╭──

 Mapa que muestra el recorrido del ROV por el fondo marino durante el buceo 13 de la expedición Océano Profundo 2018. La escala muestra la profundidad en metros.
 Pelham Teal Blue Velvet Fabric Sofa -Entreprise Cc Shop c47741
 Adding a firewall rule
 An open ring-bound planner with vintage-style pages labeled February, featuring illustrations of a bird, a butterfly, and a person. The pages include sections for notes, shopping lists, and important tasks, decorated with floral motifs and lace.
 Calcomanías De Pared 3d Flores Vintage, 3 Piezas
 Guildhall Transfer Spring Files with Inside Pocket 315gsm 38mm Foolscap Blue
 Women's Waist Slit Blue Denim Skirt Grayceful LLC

╰──
╭──

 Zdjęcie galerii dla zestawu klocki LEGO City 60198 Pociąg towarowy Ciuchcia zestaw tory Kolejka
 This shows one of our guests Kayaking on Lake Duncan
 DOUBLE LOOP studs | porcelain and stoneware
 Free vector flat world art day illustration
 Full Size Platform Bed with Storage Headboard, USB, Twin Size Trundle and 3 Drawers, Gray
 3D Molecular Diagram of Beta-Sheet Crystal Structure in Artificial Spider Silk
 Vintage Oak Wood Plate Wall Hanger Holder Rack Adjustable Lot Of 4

╰──
╭──

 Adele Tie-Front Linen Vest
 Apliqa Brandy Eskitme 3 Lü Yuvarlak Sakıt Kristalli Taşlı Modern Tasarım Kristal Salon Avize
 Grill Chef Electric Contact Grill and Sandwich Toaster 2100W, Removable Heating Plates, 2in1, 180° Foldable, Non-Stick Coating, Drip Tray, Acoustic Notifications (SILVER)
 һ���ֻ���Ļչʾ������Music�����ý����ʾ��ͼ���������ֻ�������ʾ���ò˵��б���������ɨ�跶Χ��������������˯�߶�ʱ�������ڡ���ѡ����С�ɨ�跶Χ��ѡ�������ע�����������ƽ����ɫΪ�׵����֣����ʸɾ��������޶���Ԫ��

╰──

Starting with the line above that holds "Guildhall Transfer Spring" and stopping with the line that holds "Women's Waist Slit", reproduce each line exactly, omitting all other lines.

### TASK SOLUTION
 Guildhall Transfer Spring Files with Inside Pocket 315gsm 38mm Foolscap Blue
 Women's Waist Slit Blue Denim Skirt Grayceful LLC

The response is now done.